Martin insists that PFL’s growth won’t just come from brand polish; geography is equally critical.

“Eighty-five percent of the global MMA audience is outside the U.S. Unlike the UFC’s model of staging one-off international events, we’ve already launched PFL Europe, PFL MENA, PFL Africa, and PFL Australia. In Africa, our first premium MMA event drew millions of viewers. UFC doesn’t have a presence there. We’re setting up international leagues where we’ll be around local fighters, creating a real pathway to the global stage.”

That strategy mirrors soccer’s structure more than American football.

“It’s not NFL versus XFL. It’s more like Premier League vs. La Liga, Serie A—multiple successful leagues coexisting globally.”

Media Rights And The Business Flywheel

Just as Turner grew by convincing advertisers and distributors of its value, Martin sees media rights as PFL’s biggest opportunity.

“UFC’s deal with Paramount—$1.1 billion a year—validated MMA as mainstream. We can leverage that validation to grow our own rights fees, sponsorship, licensing, merchandising, and live events.”

He describes his strategy as a “virtuous circle,” a business flywheel that starts with fans. “You get fans engaged, they spend more time and money with your brand, they become ambassadors, social media ignites it, and then you monetize. That cash allows reinvestment into fighters, events, and expansion. Success leads to more success.”

It’s a similar flow to what you see when a live service video game is built properly.

Fortnite, EA’s Ultimate Team and other collector modes didn’t come out of the gate charging for content. They established a value and attraction first before creating a lane for cashflow.

Playing the Long Game

Martin is clear-eyed about the challenges, which is refreshing.

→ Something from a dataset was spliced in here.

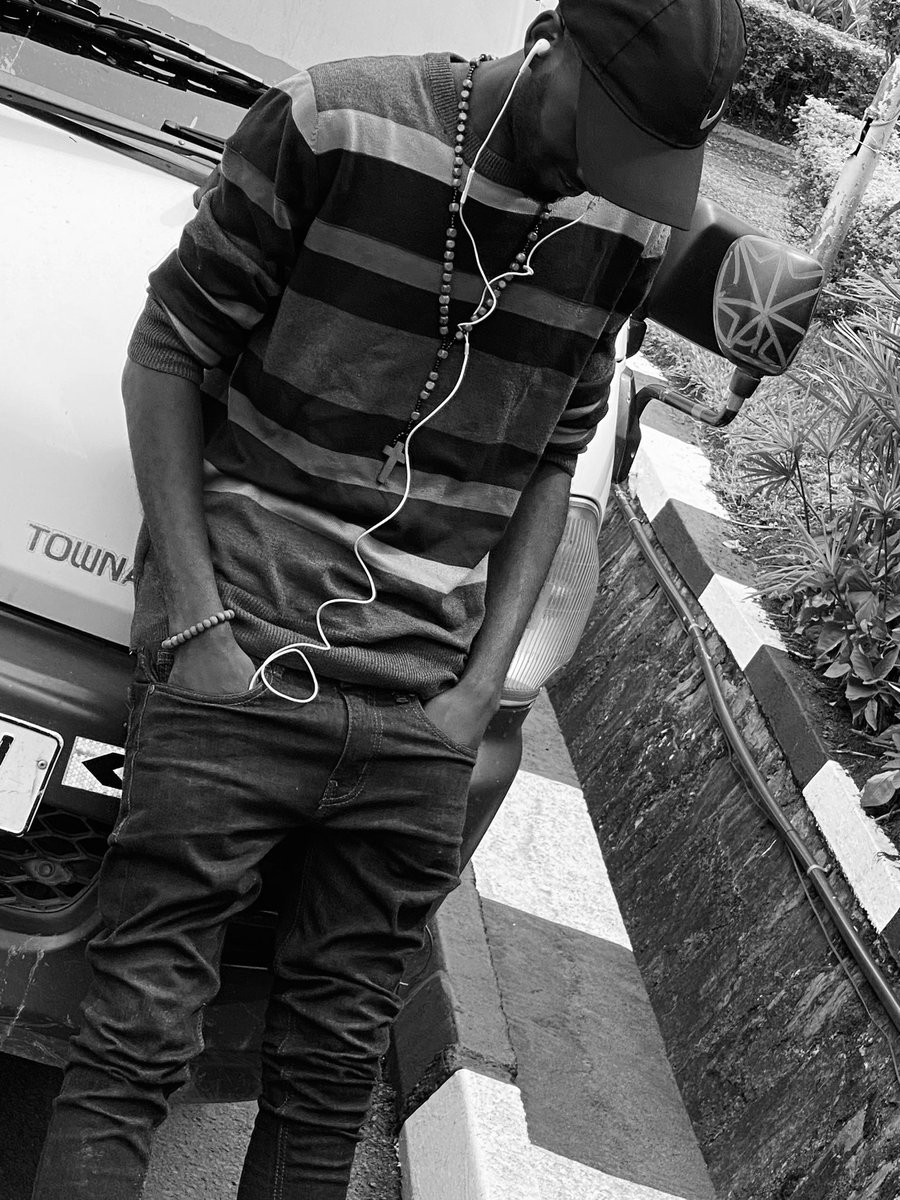 Allex_ug's tweet photo. ✌️ https://t.co/I5SfKBXi5y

As an MMA fan, more viable events is great. As an MMA journalist, the more promotions that draw fans, the more there is to write about and that strengthens your field of coverage.

UFC remains MMA’s juggernaut, and casual fans are still more likely to tune in when familiar names appear on the card. But Martin’s conviction is rooted in both personal experience and a career of scaling billion-dollar businesses.

“If you take the PFL letters off the cage and replace them with UFC, a lot of fans wouldn’t know the difference. That means we’re already a substitute product. Now we just need to monetize like one.”

For Martin, the path from Turner to the cage is less a leap and more a logical next step.

“My focus as CEO has always been: how do we grow the value and revenue of a business?” he said in his PFL bio. “With MMA’s global explosion, I see a transformational future for PFL. The opportunity here is unmatched in global sports.”

No one knows if the PFL will attain its goals for growth and increased legitimacy, but based on my experience as a consumer and the study of the success and failure of fight promotions, the concepts Martin presents has things pointed in the right direction.